Jake Burt is the author of Greetings from Witness Protection!, a new novel for kids. He is a fifth grade teacher, and he lives in Hamden, Connecticut.

Q: How did you come up with the idea for Greetings from Witness Protection! and for your main character, Nicki?

A: As a teacher, one of the most onerous parts of my job is proctoring standardized tests. It's basically cycling around my classroom for predetermined chunks of time, telling kids, "Sorry, I'm not allowed to answer that," every so often.

In one particularly boring stretch (I think it was during the quantitative reasoning section), I started thinking about the phrase, "high stakes testing." I asked myself, "For whom might this test have the highest stakes?"

From there, I jumped to a kid in witness protection - she endangers her family if she fails, and she endangers her family if she succeeds spectacularly.

Once I started letting that idea roll around in my head, Nicki (the novel's protagonist) just sort of hopped in there fully formed, eager to tell me her story.

As I was writing, it felt like I was listening to her and recording what she said as much as anything, which made a lot of fun to "discover" what she wanted to reveal about her story.

Q: How much has your work as a teacher influenced your writing?

A: My work as a teacher has influenced my writing considerably.
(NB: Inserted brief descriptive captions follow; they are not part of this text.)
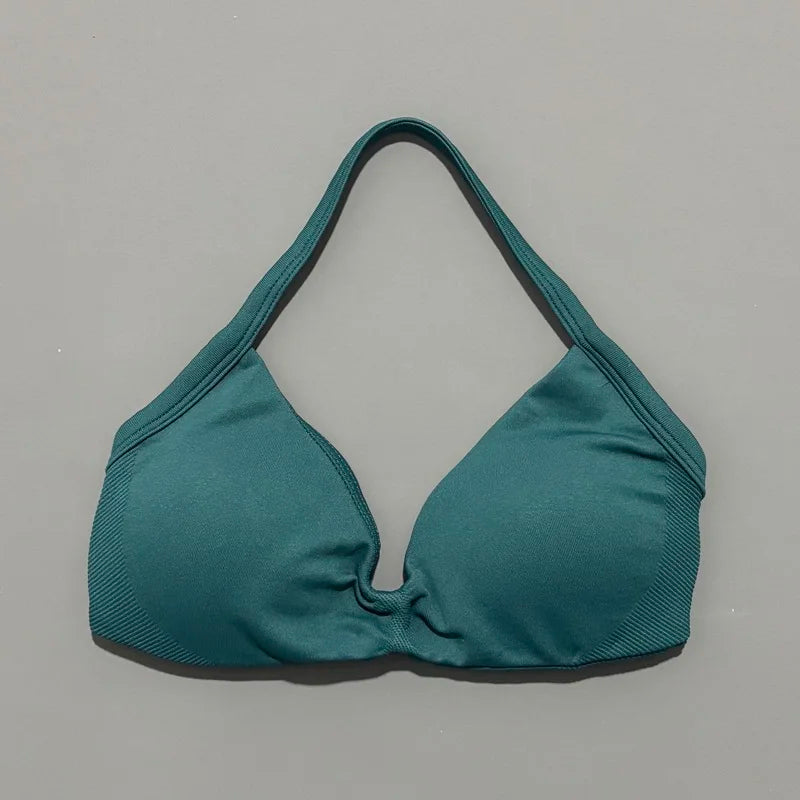 HISTELLO Impact Strappy Bra Gym Top Women High Support Thin Strap Halter Sports Seamless Bras Scrunch Push-up Workout Yoga Tanks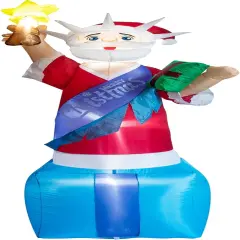 Christmas Inflatable Santa Claus 7.28FT,Statue of Liberty Inflatable,Blow Up Statue of Liberty,Christmas Blow Up Yard Decorations Outdoor Indoor,LED Patriotic Santa Claus Decor,USA Blow Up Inflatable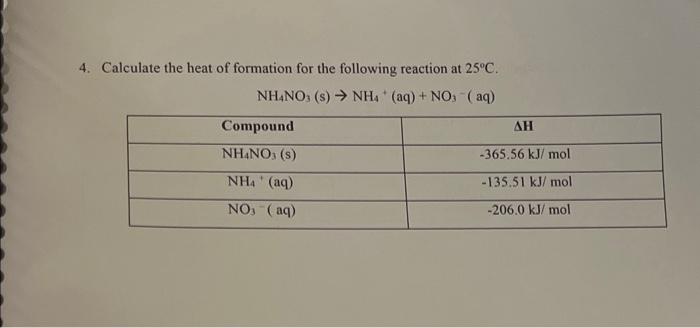 4. Calculate the heat of formation for the following reaction at \( 25^{\circ} \mathrm{C} \).
\[
\mathrm{NH}_{4} \mathrm{NO}_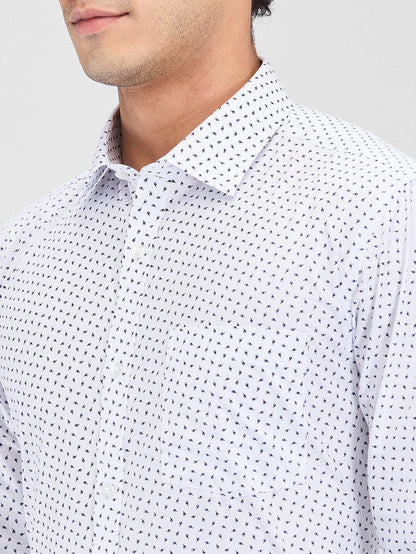 Park Avenue White Printed Slim Fit Cotton Blend Formal Shirt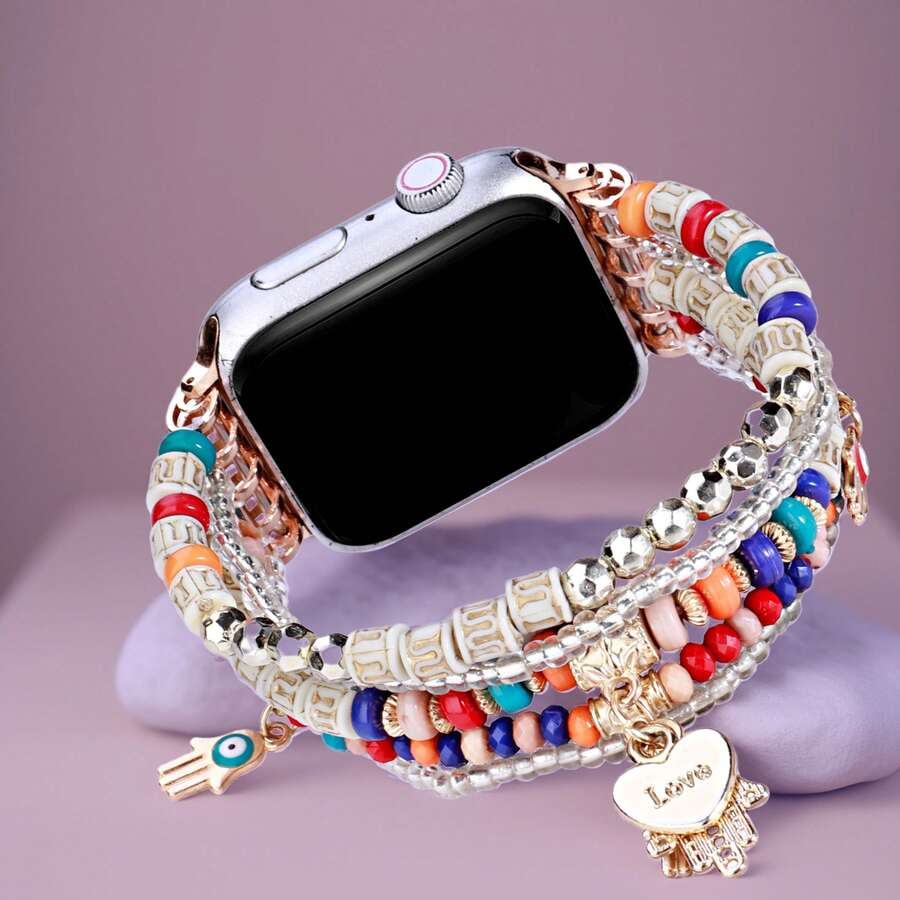Boho Chic Multilayer Beaded Band For Apple Watch 49mm 46mm 45mm 44mm 42mm 41mm 40mm 38mm, Resin Bead Bracelet With Charms, Fashion Stretch Strap Compatible With Apple Watch Series Ultra/11/10/9/8/7/SE/6-1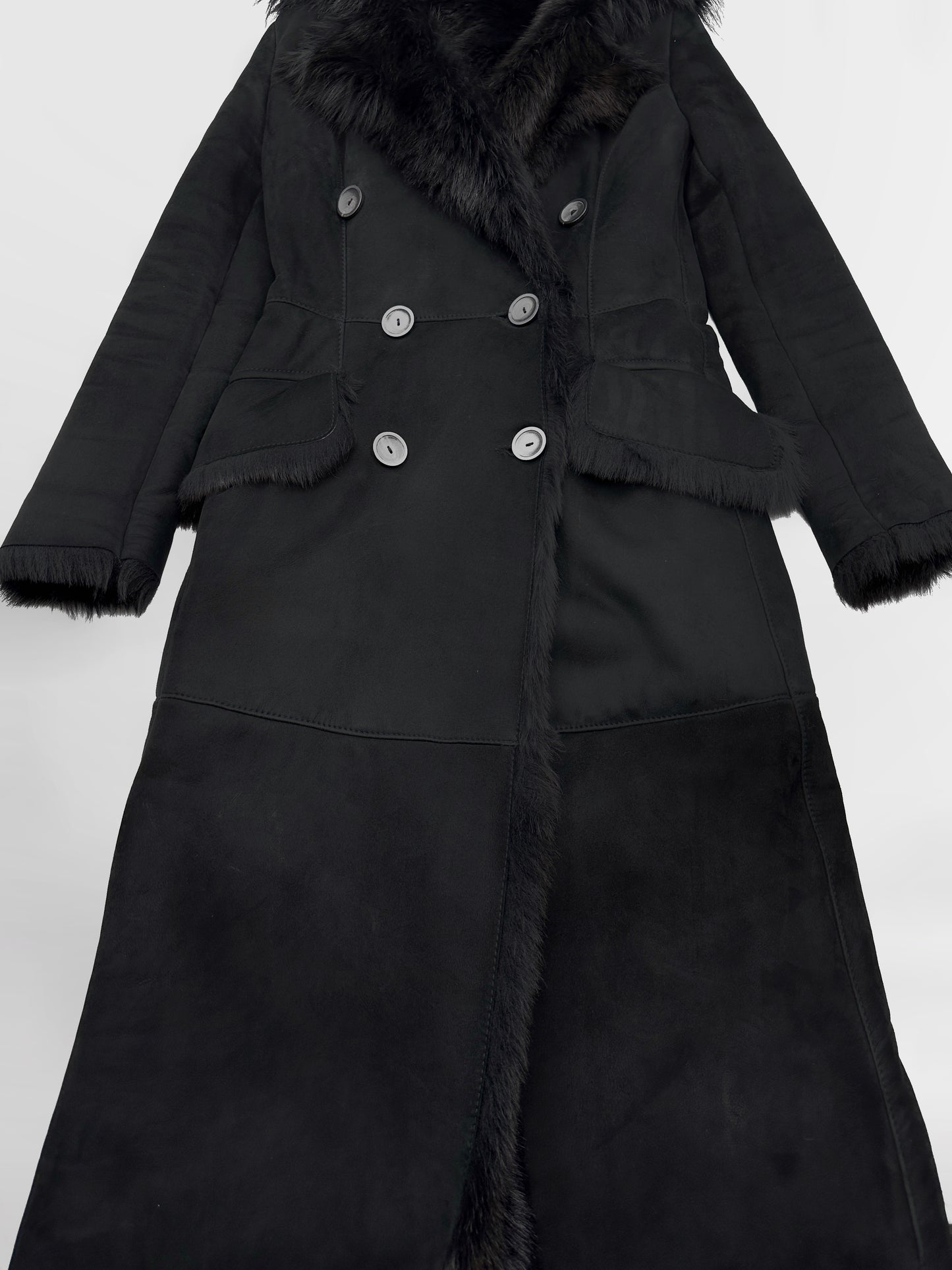 Gucci Fall 1996 Tom Ford Kate Moss Double-Breasted Long Shearling Coat 40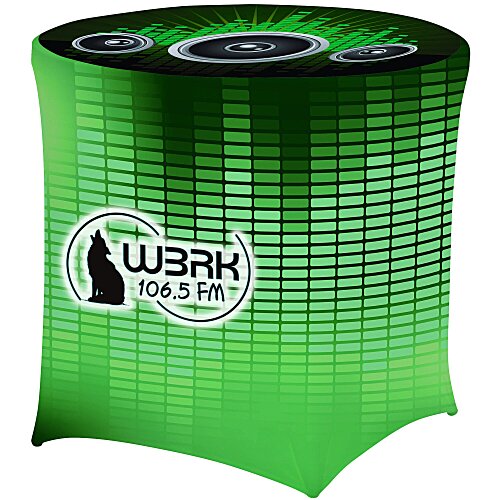 Hemmed UltraFit Table Cover - Round  - Cafe Height - Full Color Main Image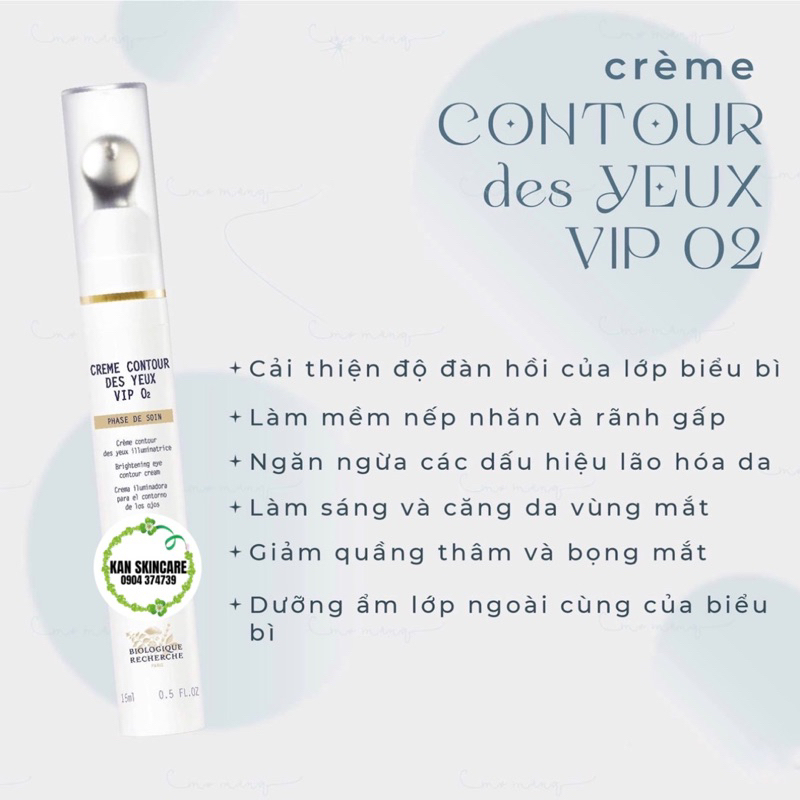 ⭐ Kem giảm thâm mắt Biologique Creme Contour des yeux Vip O2 BR mini 4ml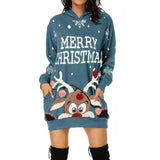 Women's Reindeer Christmas Hoodie Dress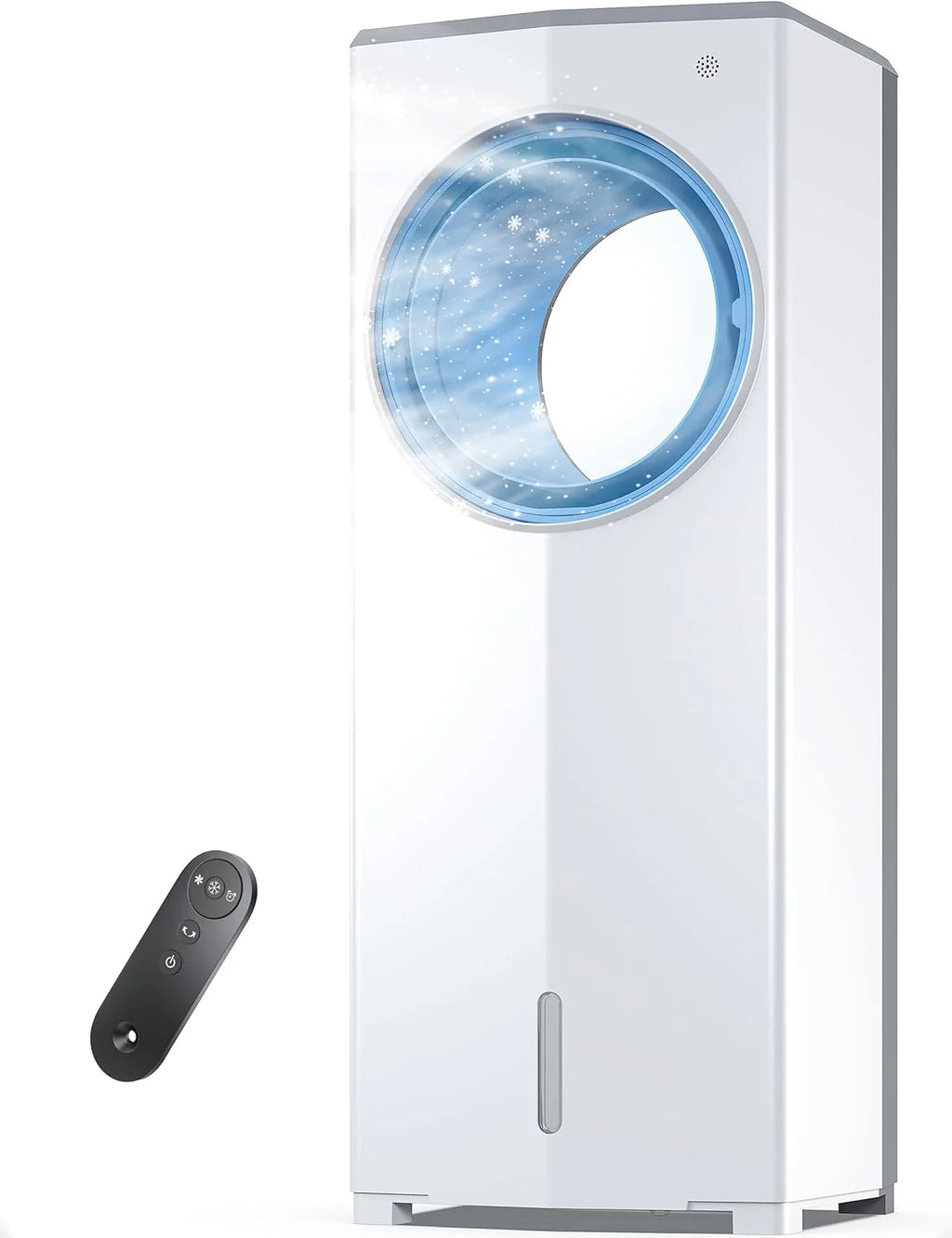 Windowless Portable Air Conditioner, 26.3 Small Evaporative Air Cooler for Room No Window, 3-Speed Settings, 4 Modes, 7H Timer, Remote Control, 4 Ice Packs, Quiet AC Unit for Bedroom
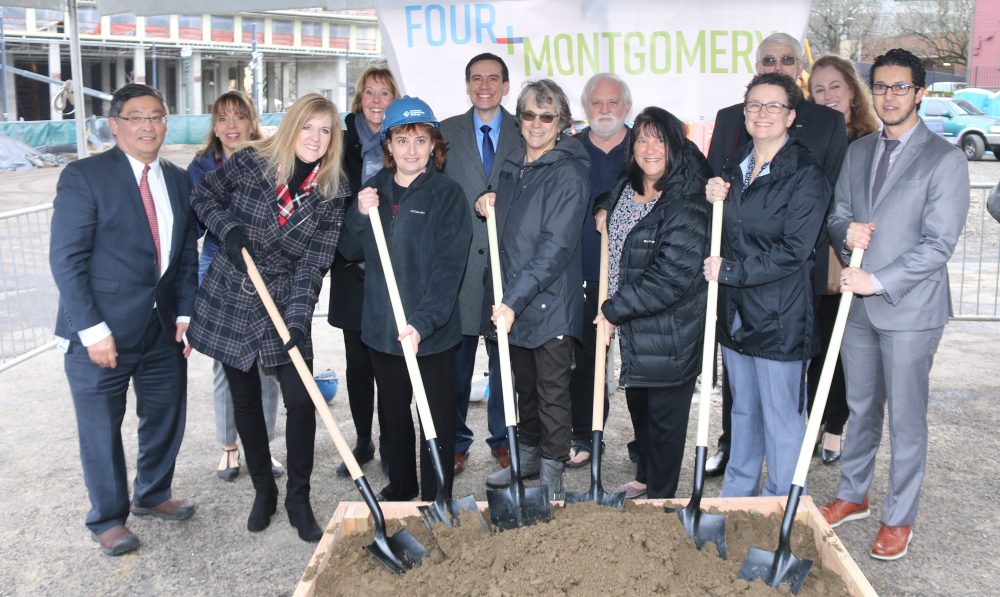 4th and Montgomery groundbreaking with shovels.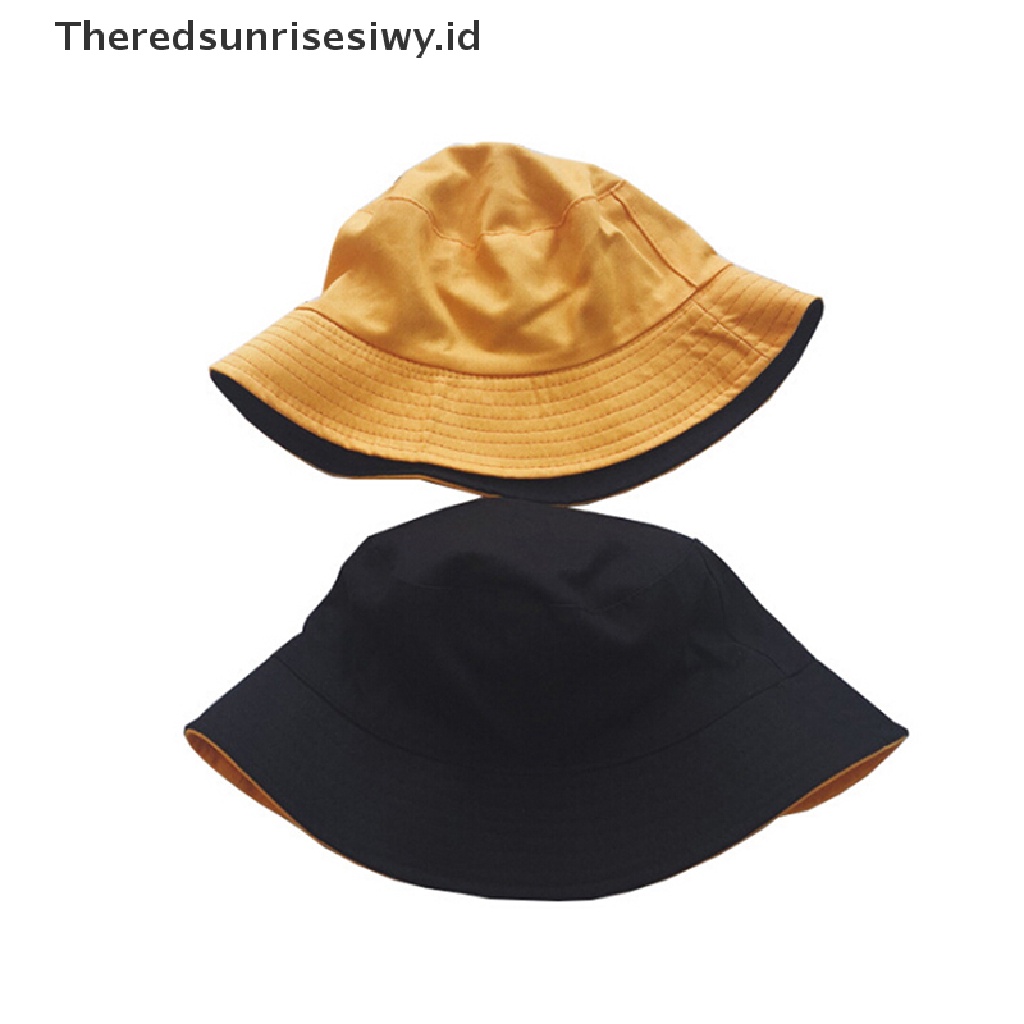 (Theredsunrisesiwy.Id) Topi Bucket Pria / Wanita Bahan Katun Untuk Memancing / Pantai Fisher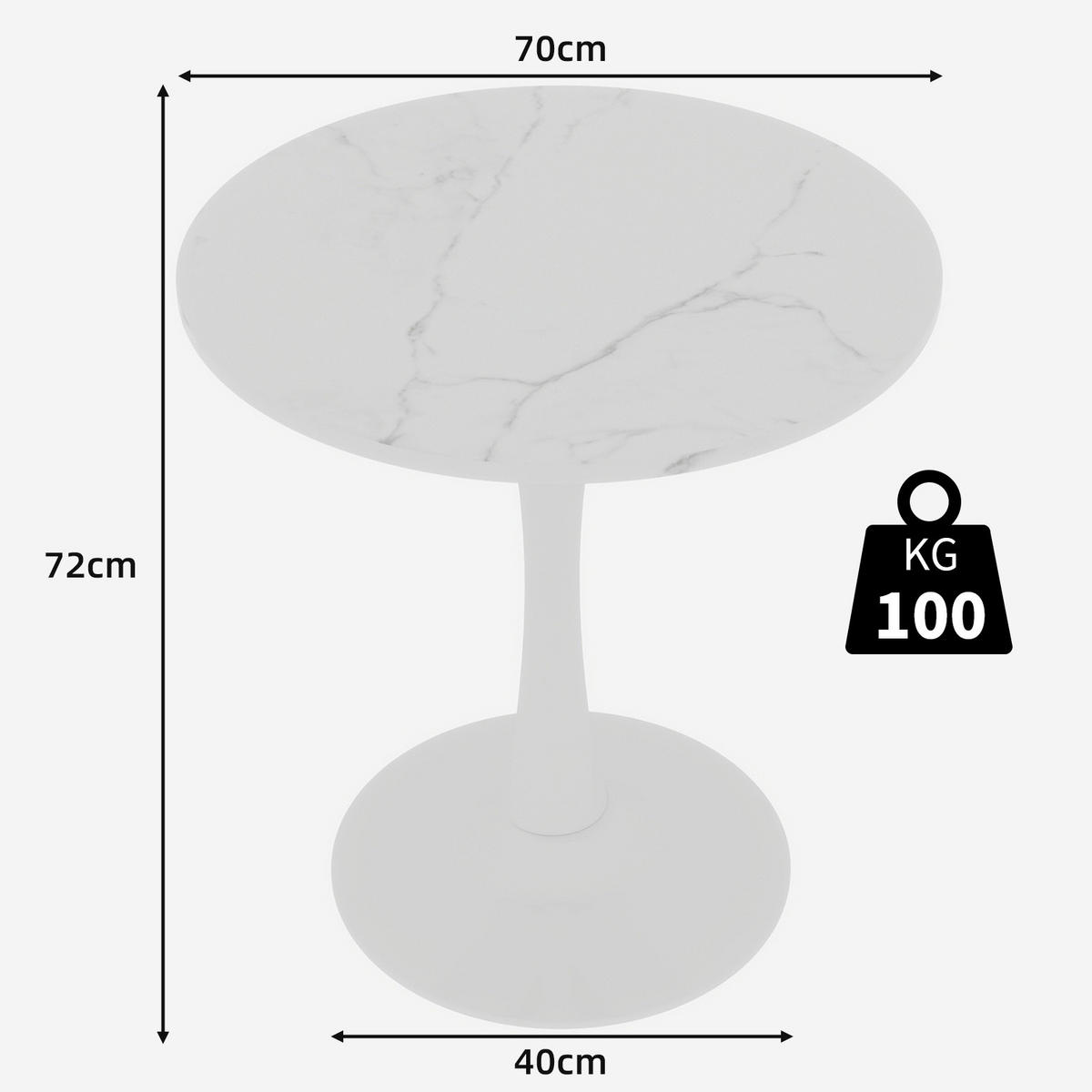 COUCHTISCH 70,1 cm rund im minimalistischen Design mit Tischplatte in Marmoroptik, Weiß - Weiß, Stein (70/70/72cm) - Modfu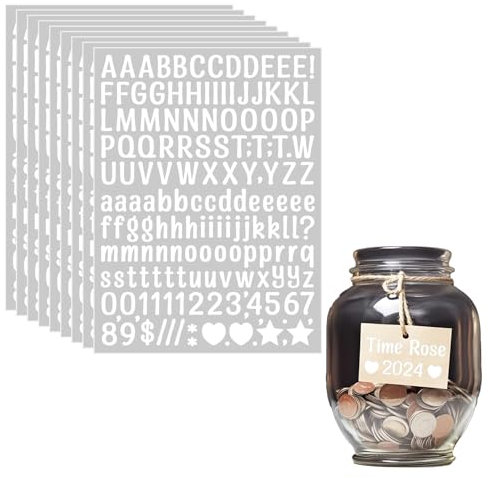 Auiremrti 10 Blatt Stücke Selbstklebende Vinyl Buchstaben Nummern Kit, 1560 Aufkleber,1/2 Inch Stickers für Schilder, Autos, Heim, Geschäft, Grußkarten,Weiß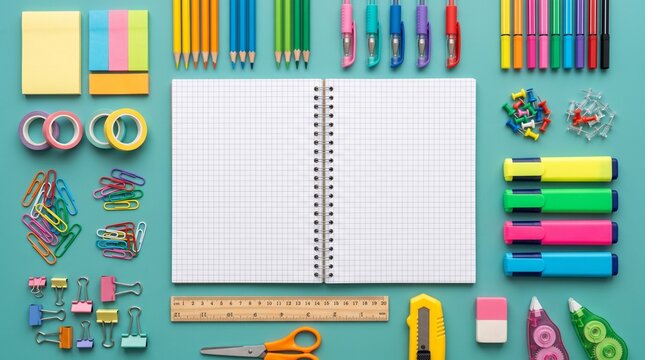 Top View School Supplies Flat Lay with Blank Notebook and Copy Space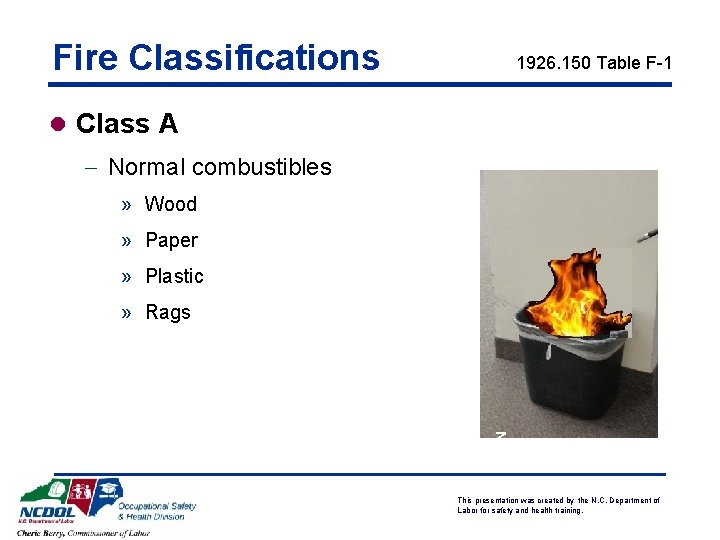 Fire Classifications 1926. 150 Table F-1 l Class A - Normal combustibles » Wood Fire Classifications 1926. 150 Table F-1 l Class A - Normal combustibles » Wood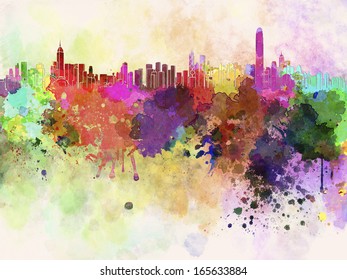 Hong Kong Skyline In Watercolor Background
Not only has it been really helpful in allowing me to craft believable school settings, but it's excellent for learning just how far kids will go, what they will and will not say, and how they respond to adversity.

I hope that authenticity comes through, regardless of the trials I force my characters to deal with.

Q: Did you know how the novel would end before you started writing, or did you make many changes along the way?

A: While the ending of the novel didn't change, there were several major revisions along the way. In particular, Ms. Drummond (Nicki's language arts teacher at Loblolly Middle School) occupied a much more significant place in early drafts, playing the part that Archer does now in driving the plot.

My agent, the incomparable Rebecca Stead, and my brilliant editor at Feiwel and Friends, Liz Szabla, suggested relocating that aspect of the story to a student antagonist, and I think the plot is that much more effective for it.

Q: Who are some of your favorite authors?

A: I'm an avowed Anglophile, and growing up I was all about fantasy literature. Tolkien, C.S. Lewis, Sir Thomas Malory. . .that was my wheelhouse.

More recently, I really enjoy Philip Pullman and Neil Gaiman's work. Closer to home, Cathrynne Valente, Nic Stone, Mark Twain, and Neal Stephenson are all favorites, too.

Q: What are you working on now?

A: We just finished copyedits on my second novel, due out in fall 2018, and I've sent a draft of book three (fall 2019) to my editor. Fingers crossed!

Q: Anything else we should know?

A: A bit of random Greetings From Witness Protection! trivia for you: the name of Nicki's stuffed cat, Fancypaws, actually began as the name of a cat in one of the class assignments I created to teach writing critique etiquette to my students. I liked the name so much I decided to transfer it to the novel.

Thanks for the opportunity to answer some fun questions about Greetings from Witness Protection!, Deborah! Happy reading!